• **What you will do**: Beginning at the line containing "Yolları açtılar, doğaya yem bıraktılar" and continuing to the end of the records below, give each line again exactly as it stands, and only those lines.

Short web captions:

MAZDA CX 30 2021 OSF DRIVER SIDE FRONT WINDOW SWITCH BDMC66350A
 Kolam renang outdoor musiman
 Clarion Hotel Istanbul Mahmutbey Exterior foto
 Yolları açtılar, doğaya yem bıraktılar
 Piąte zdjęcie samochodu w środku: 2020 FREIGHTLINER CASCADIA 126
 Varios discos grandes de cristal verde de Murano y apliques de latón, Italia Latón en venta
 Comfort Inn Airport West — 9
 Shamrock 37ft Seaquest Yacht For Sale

• **Solution for this task**:
 Yolları açtılar, doğaya yem bıraktılar
 Piąte zdjęcie samochodu w środku: 2020 FREIGHTLINER CASCADIA 126
 Varios discos grandes de cristal verde de Murano y apliques de latón, Italia Latón en venta
 Comfort Inn Airport West — 9
 Shamrock 37ft Seaquest Yacht For Sale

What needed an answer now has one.